→ **Your assignment**
What is wanted is the line holding "view 2 of 2" and every later line through the end of the entries, set down exactly.

→ **Input data**
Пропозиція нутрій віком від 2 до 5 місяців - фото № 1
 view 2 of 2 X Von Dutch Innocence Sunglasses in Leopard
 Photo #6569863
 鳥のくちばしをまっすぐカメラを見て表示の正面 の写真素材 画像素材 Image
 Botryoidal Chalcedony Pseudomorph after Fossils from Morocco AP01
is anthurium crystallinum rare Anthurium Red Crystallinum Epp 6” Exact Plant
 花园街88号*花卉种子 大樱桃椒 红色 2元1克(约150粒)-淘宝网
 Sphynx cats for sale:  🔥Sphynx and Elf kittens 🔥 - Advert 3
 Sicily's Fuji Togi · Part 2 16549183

→ **Result of this task**
 view 2 of 2 X Von Dutch Innocence Sunglasses in Leopard
 Photo #6569863
 鳥のくちばしをまっすぐカメラを見て表示の正面 の写真素材 画像素材 Image
 Botryoidal Chalcedony Pseudomorph after Fossils from Morocco AP01
is anthurium crystallinum rare Anthurium Red Crystallinum Epp 6” Exact Plant
 花园街88号*花卉种子 大樱桃椒 红色 2元1克(约150粒)-淘宝网
 Sphynx cats for sale:  🔥Sphynx and Elf kittens 🔥 - Advert 3
 Sicily's Fuji Togi · Part 2 16549183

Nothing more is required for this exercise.